In her demonstration at Alston Middle School in Summerville, South Carolina, Aldorino went over the utensils involved. Mate means gourd in Spanish, and the drink is traditionally consumed in a hollowed-out calabash fruit. To drink the beverage, you use a metal straw (or bombilla). The drink itself is made by steeping the herb (yerba) in water. (In fact, “yerba mate” is another name for the beverage, and you may also see it written “maté.”)
Eager to try the drink ourselves, we went online and bought two gourds, sold as a package with a pair of bombillas and a pipe cleaner (for brushing out the metal straws). The mate leaves we bought separately.
Natural gourds require curing before use. For those wishing for something that can go from cupboard to table to dishwasher, stainless steel alternatives are another option. (Or you could use a regular mug.)
The steps we took to make the mate produced a warm, flavorful beverage, with a slight, reedy edge that was stimulating (without sinking into a weedy bogginess).
Warm Up with Stimulating Mate
- Fill gourd or mug three-quarters full of mate leaves.
- Cover the container’s mouth, flip it over, and shake the leaves inside.
- Turn the container back over and hold it at an incline, with leaves mounded toward the lip of the vessel. Insert the bombilla into the gourd, passing over the mound, with the straw’s end resting next to the pile.
- Moisten with a splash of cool water, pouring it behind the leaves and into the bottom of the container.
- Add warm water – hot, but not boiling – in the same manner.
- Steep for a moment, then sip through the bombilla.
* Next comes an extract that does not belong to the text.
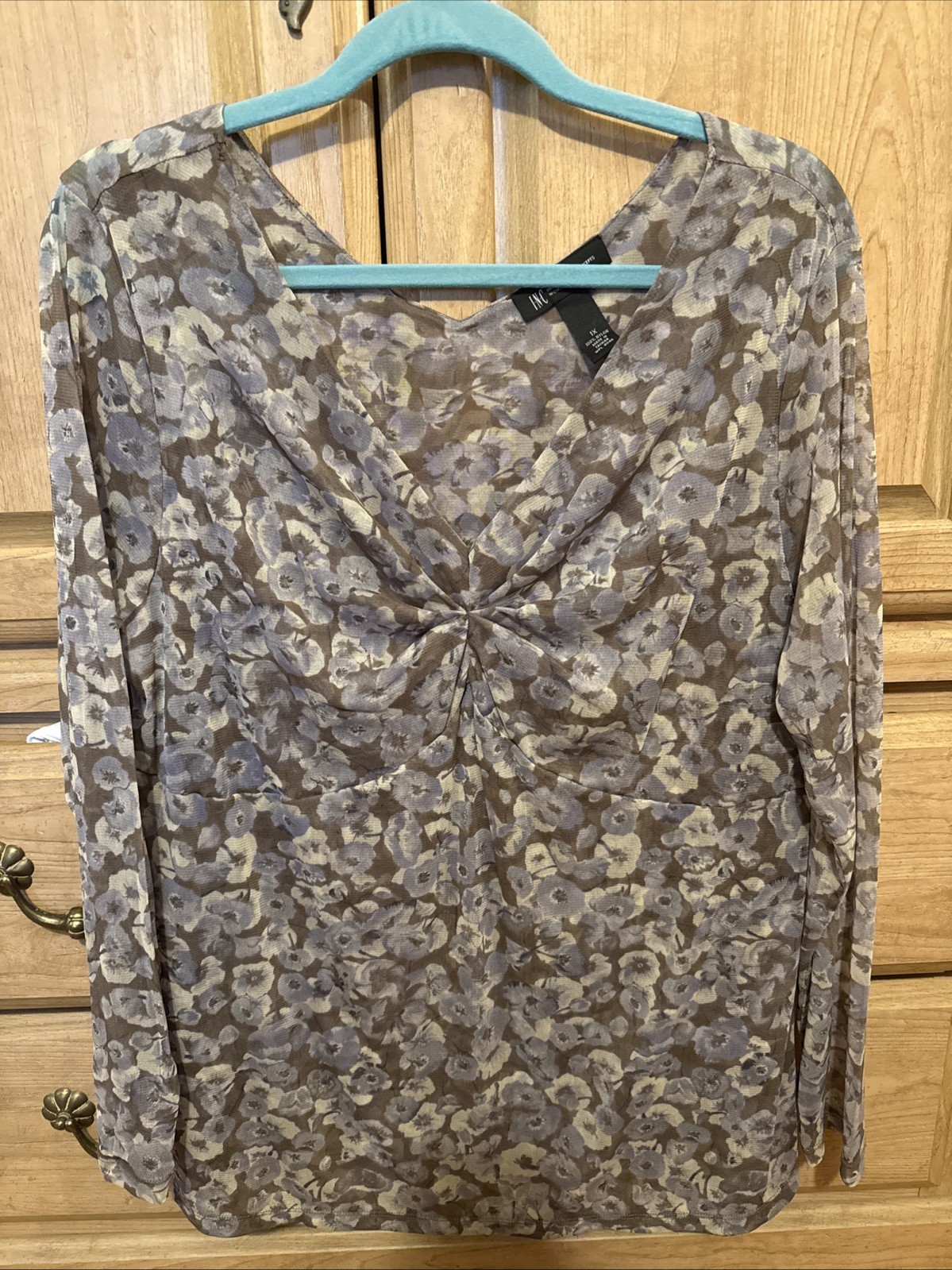 INC International Concepts Sz 1X Gray Taupe Flower Lace Print V Neck Top BLouse INC International Concepts Sz 1X Gray Taupe Flower Lace Print V Neck Top BLouse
- Enjoy, adding more water after each sip!
Try Before You Buy?
If you prefer to sample mate before buying a box of it, you may be in luck. We found it served at multiple locations within a 30-minute driving radius from our office in Swannanoa, North Carolina. For a colleague in Kansas, however, ordering a cup of mate would require a drive of more than 30 miles! Finding the beverage in the USA may depend on your proximity to a medium-sized city or college town.
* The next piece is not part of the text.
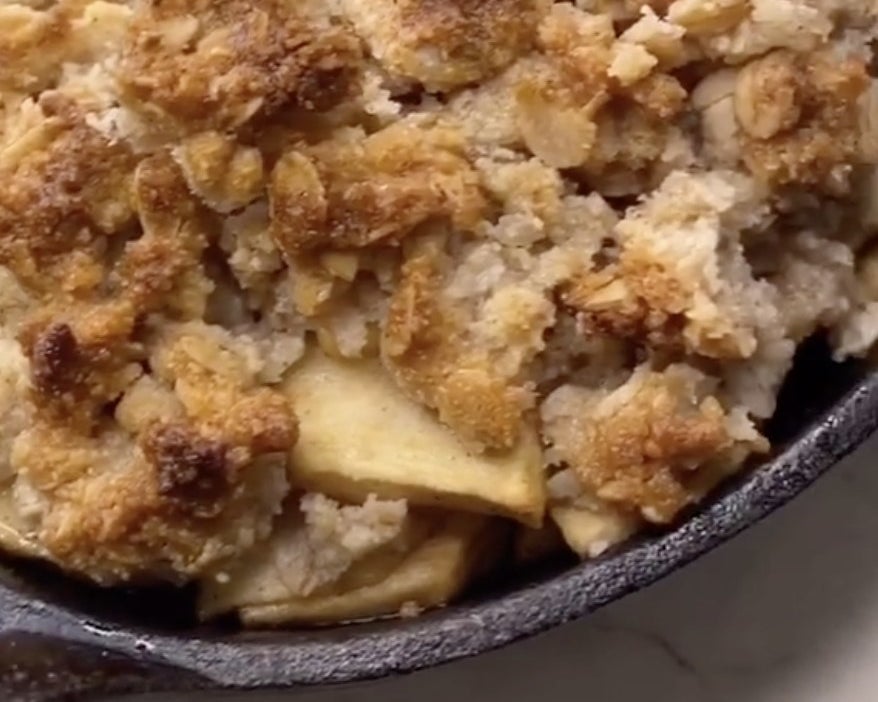 Apple crumble in a cast iron pan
If you aren’t sure you want to buy a bombilla, but you already own a French press, try making mate in it by following steps similar to brewing coffee. Add a couple of tablespoons of mate to the press, add about 16 ounces of warm water, brew for four minutes or so, then push the press’s plunger down and pour out a fresh cup!
A tea strainer is another option. When a colleague asked for mate at a café, the barista told him that the café ordinarily serves it in tea bags. With none ready that morning, the barista placed the mate in a strainer over a cup, then poured warm water over it. She shared that many customers bought mate by the drink or by the bag, and that several customers who order Moroccan tea at the café consume the mint tea in combination with mate. She noted that the beverage contains a lot of caffeine, and that she found its taste bitter – akin to her experiences with wheatgrass drinks. (But she wasn’t partial to many of the beverages whose leaves the café sold, she hastened to add.)
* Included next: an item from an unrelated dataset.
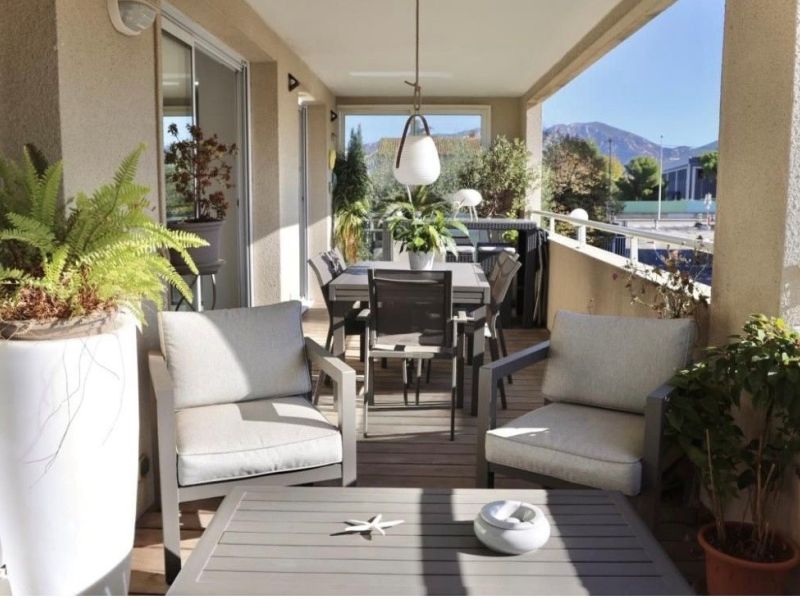 A vendre APPARTEMENT DE PRESTIGE NEUF T4 122 M2 TERRASSE BORD DE MER MARSEILLE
For his part, our colleague reported that he didn’t find the drink particularly bitter – nor did it make him feel jittery the way some coffee drinks do. At the café, the mate was labeled as a “strong, earthy green mate from Brazil.” And as you might guess from mate’s botanical name, ilex paraguariensis, it’s also grown in Paraguay, with Chile, Uruguay, and Bolivia – and even Syria and Lebanon – being among other countries where it’s popular. (The ilex, meanwhile, reveals the plant to be a member of the holly family.) In Argentina, mate is consumed while socializing, with a gourd being passed in a group as folks sip and add water. As Julia J.S. Sarreal writes in her introduction to Yerba Mate: The Drink That Shaped a Nation (University of California Press, 2022), the beverage “has been a part of the culture in Argentina and neighboring countries in South America since before ‘Argentina’ or ‘South America’ ever existed.”
A Food & Wine article touches on how it has been received farther north. In “Everything You Need to Know About Yerba Mate Tea, the South American Super-Beverage,” Priya Krishna writes that the beverage has “migrated over to the U.S., and in recent years has become a popular ingredient in everything from health elixirs to energy drinks. It's hailed not only as an energy booster, but also as a means for weight loss, concentration, and better digestion.”
We’ll leave it to you to weigh the truth of those claims. In our case, we’re grateful that Aldorino’s cultural exchange effort led us to try the drink. We’re sure it will warm us again this winter, and who knows? We might just try drinking it cold in the summer. If we do, we’ll be sure to keep you updated here!